One of the most overlooked works of George R. Stewart is the remarkable novel Sheep Rock. Stewart considered it one of his “ecological novels;” or, as he put it, a novel about “all the things that go to make up a place.”
It is set in a harsh desert place, somewhere in Nevada. The book has a double focus – a recurring set of characters commenting on the place; and a young poet, trying to write a poem about the place. This double focus challenges the reader to keep things straight and understandable.
But keeping those two foci straight is only the beginning of the demands made on the readers. The book is divided into three parts, each named after a landform in the area. Each of those parts reveals more of the place’s physical and historical geography; each reveals more of the poet’s tale; and each has a short story about one of the artifacts that the poet finds during his wanders around the site.
But Sheep Rock is more than an attempt to describe or understand one place. In other work by Stewart, the ecosystem is the protagonist, but is represented by an ecological event – the storm, the fire, the virus. Here, instead of singling out one of these natural events as representative of the ecosystem, Stewart uses the entire ecosystem and history of the place as the protagonist. The place is on every page of the novel; humans are not.
George R. Stewart called the novel “Three times round and three times round.” It is not a read for those with lazy minds – the novel takes work to read. Yet it is an exhilarating book, because he breaks the rules, catches readers by surprise, then thrills them with something new that works.
The two commentators – they appear in a prologue, what might be called “interlogues” between the main parts, and in an epilogue – are not unlike a Greek chorus. But instead of commenting on the story of the poet they comment on changes they see in the place over 15 or 20 years.
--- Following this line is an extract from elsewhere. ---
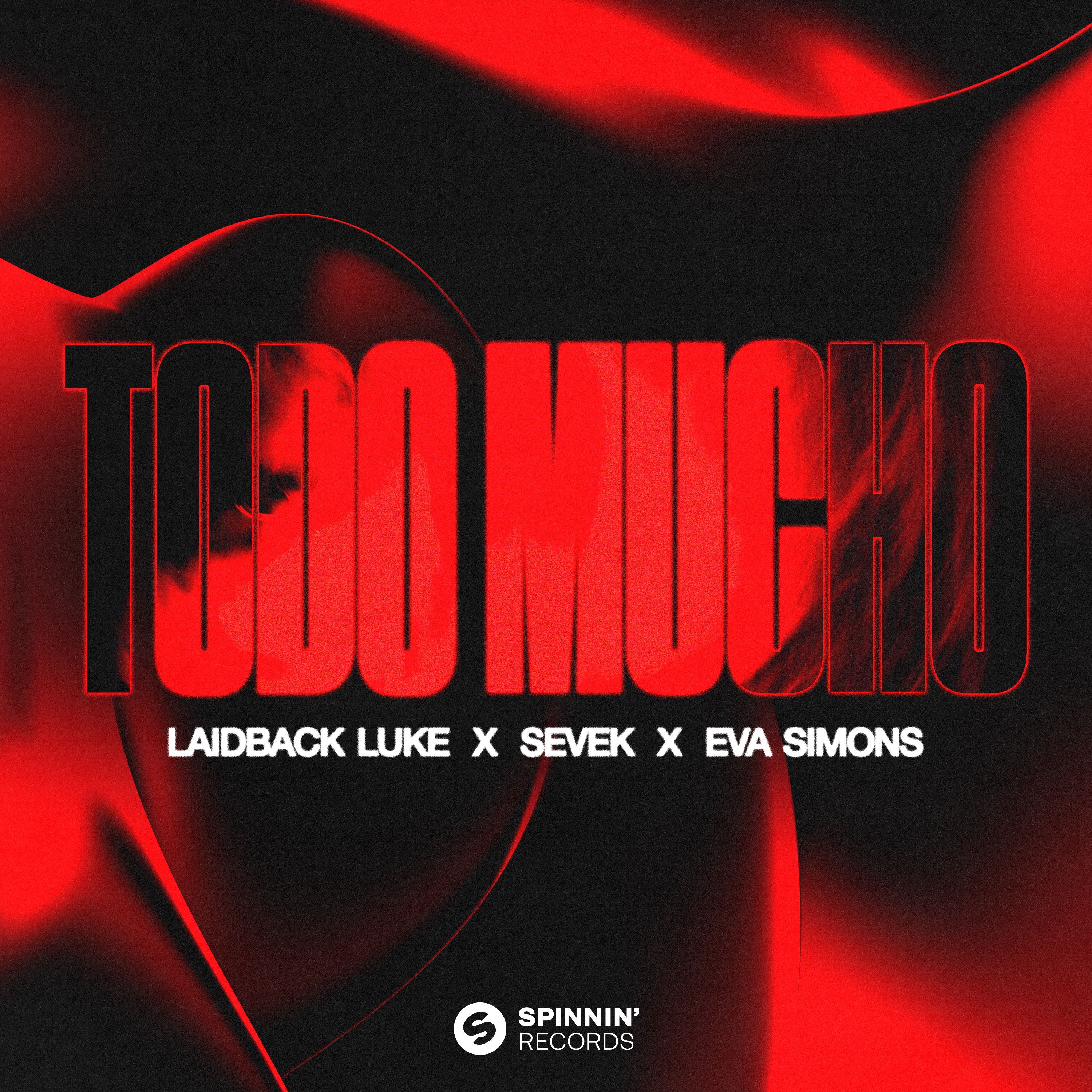 Todo Mucho - Single album cover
Then, in the middle of the epilogue, in which can confuse readers – or exhilarate them – the author steps out of the work, and describes how he researched and wrote it. Since the book is no longer in copyright, I’ll share part of that:
I, George Stewart, did this work….
I have looked into the blue and green depths of the spring, and have climbed
the rock, and gazed out across the desert. That first night, the grim fascination of
the place rose within me, and I thought of this book.
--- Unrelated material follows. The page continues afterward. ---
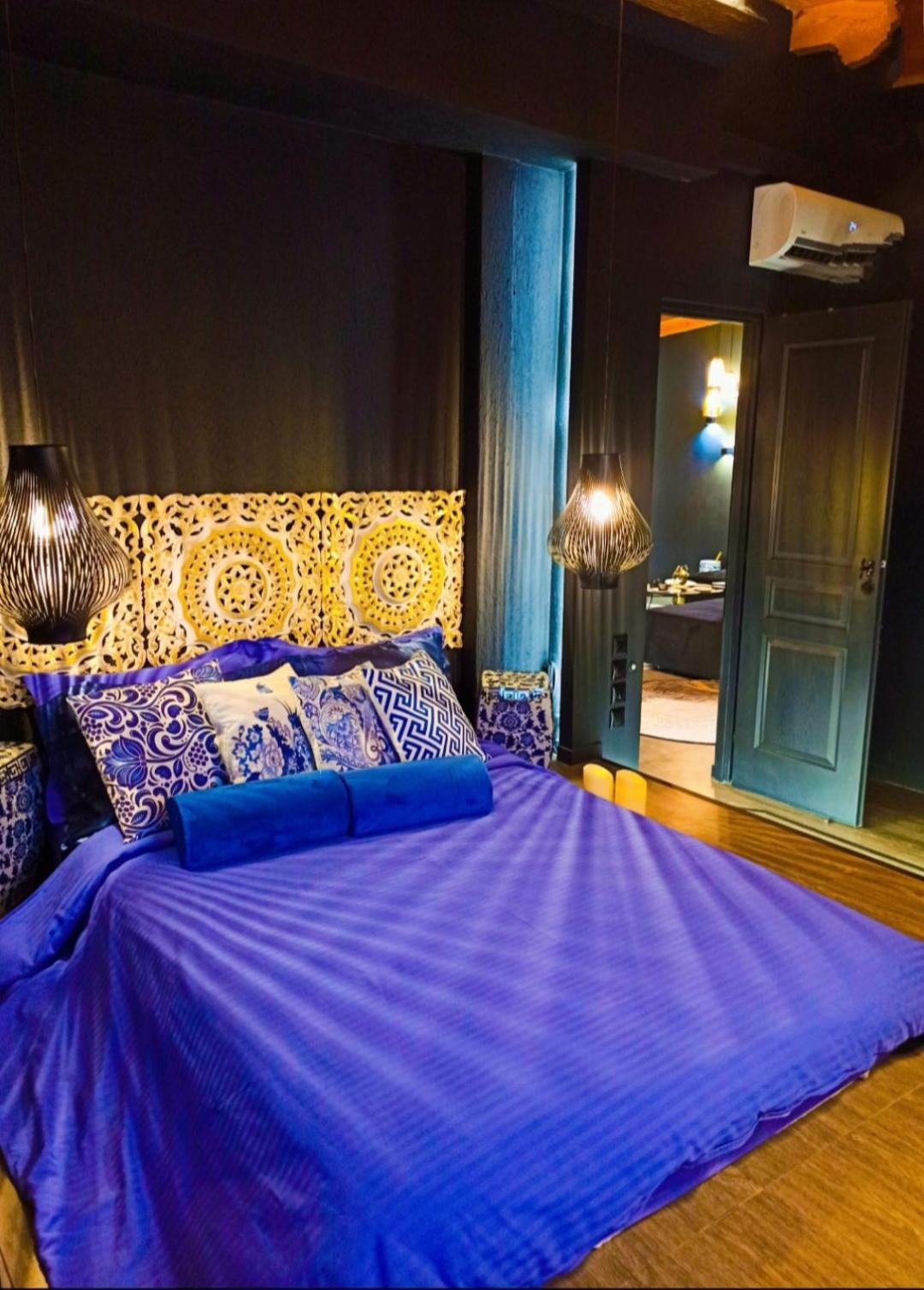 Accessible Luxury Villa Ártemida Kültér fotó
That time I was with Charlie. I was there again—with Jack, with Selar, with
Carl and Parker and Starker, with Brig and Roy. I said to myself, “I shall know
more about this place than anyone knows of any place in the world.” So I took
the others there, and one looked at the beaches and the hills, and another at the
grass and the shrubs, and another at the stone-work among the hummocks, and
so it went, until at last each had shared with me what he knew. Besides, I read
The names he mentions are those of the greatest geographic and scientific minds of his time. Carl Sauer, Parker Trask, Charles Camp, Starker Leopold (Aldo Leopold’s son), Jack Stewart. Geographer, geologist, historian, paleontologist, wildlife biologist.
Stewart tells readers how he wrote all his books, especially his novels of the ecosystem. He took those colleagues with him to the places he was writing about. There, they educated him about the natural and human history of a place – its geography, or ecology. Then he wove their knowledge into narrative, as the poet of the place.
Does it work? Ken Carpenter, Director of Special Collections at the University of Nevada Reno – UNR has the second largest Stewart collection – thought the book was a failure, and Stewart knew it. Carpenter points out that, in his oral history, Stewart mentions Sheep Rock more than any other work. Carpenter believes this emphasis on Sheep Rock results from Stewart’s dissatisfaction with the work. (Stewart’s Oral History, A Little of Myself, is now online and can be downloaded.)
On the other hand, Josephine Miles, Stewart’s colleague in the Department of English at the University of California, Berkeley, and the first female University Professor at Cal, thought it was a tremendous success, a new kind of work of fiction that broke the boundaries of the traditional novel or short story.
“Three times round and three times round,” and attempting to use precise intellectual study of the place and narrating the poet’s search for a belief system would qualify the novel for consideration as post-modernist. That’s why a scholar of Robinson Jeffer’s work calls the book “post-modernist.”
Successful or not, post-modernist or not, the novel is a great read for anyone who interested in place. That’s both because it is one of the most thorough-going attempts to understand a place in fiction, and because it’s a pleasure to watch how Stewart has structured the work.